Sarah Knafo a provoqué une vive polémique en avançant le chiffre de 9,056 milliards d’euros par an pour dire que l’Algérie « coûterait » à la France. Mais ce calcul, qui mêle visas, soins, prestations sociales, pensions, transferts financiers et une part supposée de la délinquance, additionne des postes de nature très différente et ne repose pas, selon le texte, sur une base comparable.
L’auteur du texte soutient que cette « facture » ne vise pas tant à informer qu’à faire circuler un argument politique simple : réclamer « pas un centime de plus à Alger ». En réponse, il appelle à élargir le regard et à rouvrir l’ensemble du dossier historique entre la France et l’Algérie, en rappelant que l’histoire ne commence pas en 1830 avec le débarquement français.
Le texte revient d’abord sur le contentieux financier qui précédait la conquête, autour d’une dette liée à des achats de blé pendant les guerres révolutionnaires. Il rappelle aussi qu’en juillet 1830, l’expédition française a conduit à la saisie d’un trésor à Alger, venu alléger le coût de l’occupation. Pour l’auteur, la logique coloniale consistait déjà à faire payer au pays conquis les moyens de sa domination.

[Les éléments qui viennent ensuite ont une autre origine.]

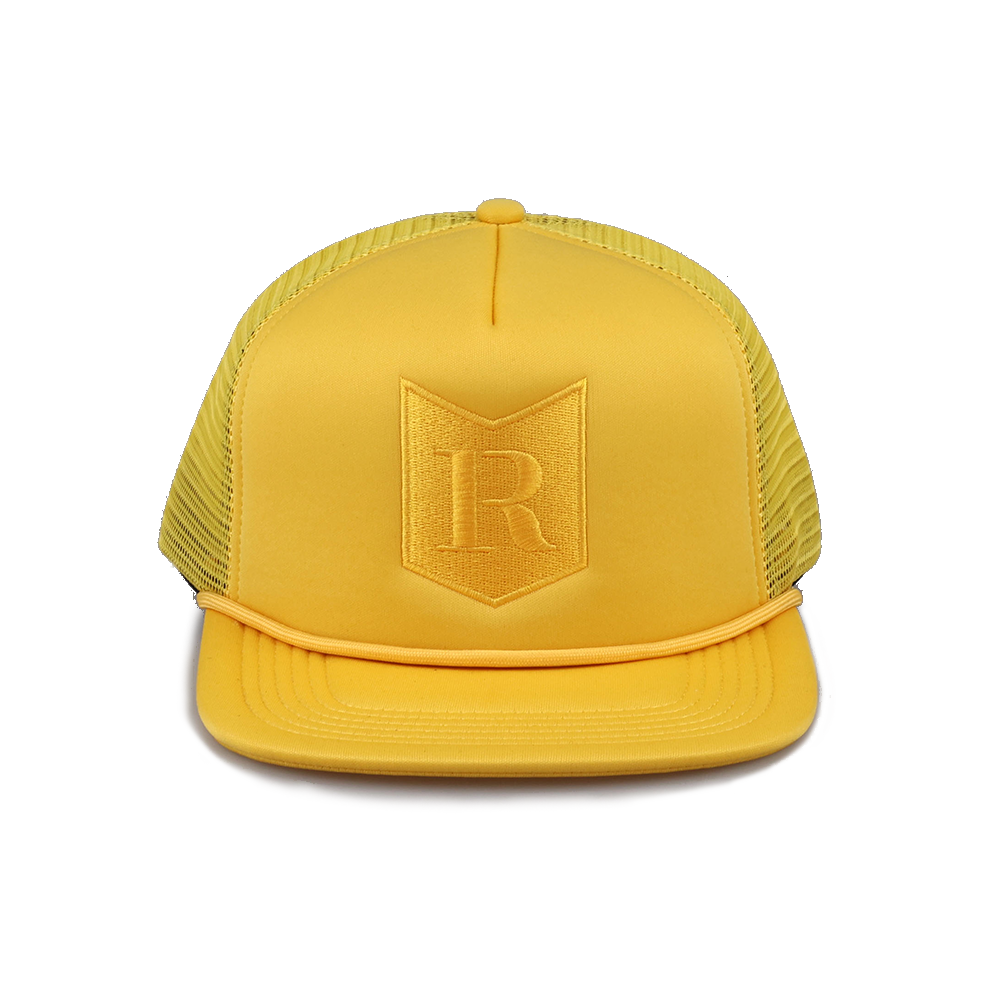 FOAMER Cap - Yellow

La mise en valeur présentée comme un apport de civilisation est également contestée. Routes, écoles et hôpitaux sont décrits comme des instruments de contrôle, dans un système où la terre fut confisquée, les populations déplacées et les ressources exploitées. Le texte insiste aussi sur les violences de la conquête, les enfumades, les famines et les destructions de villages, ainsi que sur des épisodes comme le massacre de Laghouat en 1852, où plus des deux tiers des habitants auraient été tués selon les sources citées.

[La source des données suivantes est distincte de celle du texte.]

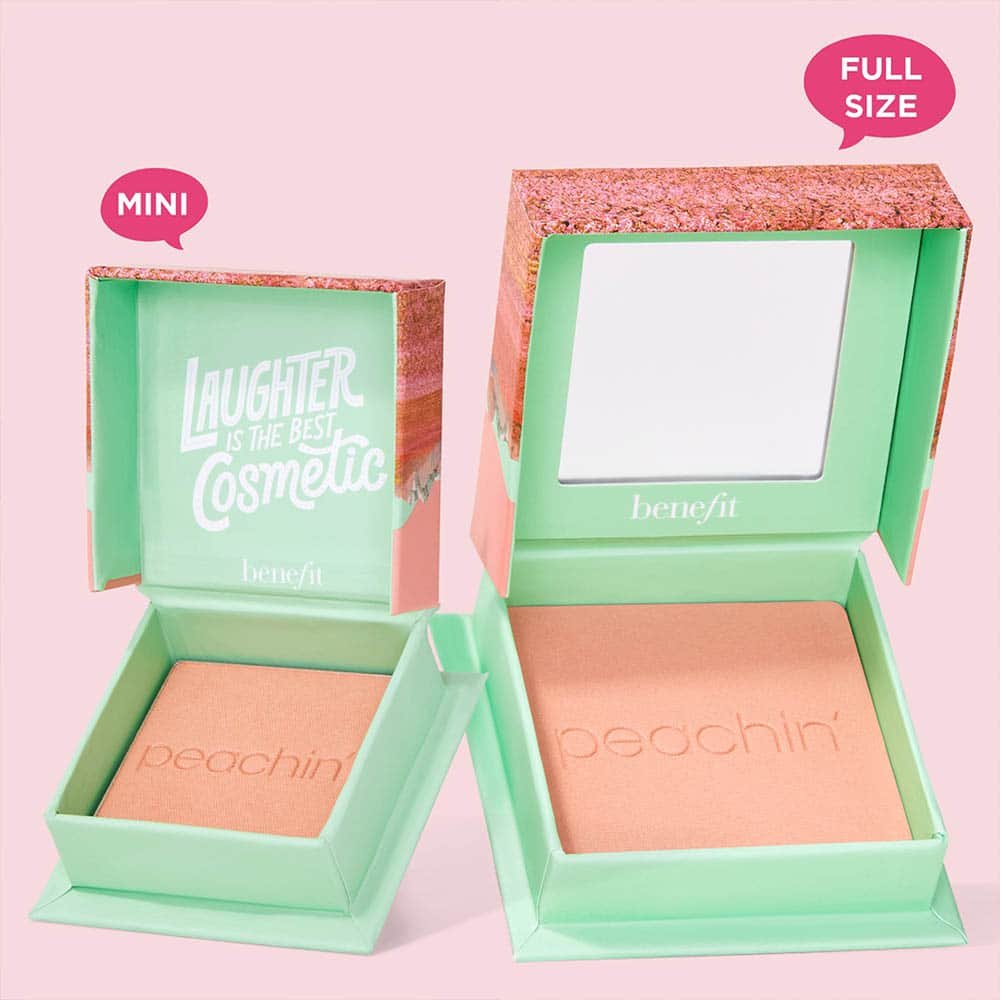Benefit Teint Peachin&' Gold-pfirsichfarbenes Rouge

L’article élargit enfin le débat aux soldats algériens morts pour la France, à l’exploitation de la main-d’œuvre, aux essais nucléaires dans le Sahara et aux archives encore incomplètement ouvertes. Sa conclusion est claire : avant de parler d’une prétendue dette algérienne, il faudrait d’abord examiner le passif colonial français dans toute son ampleur.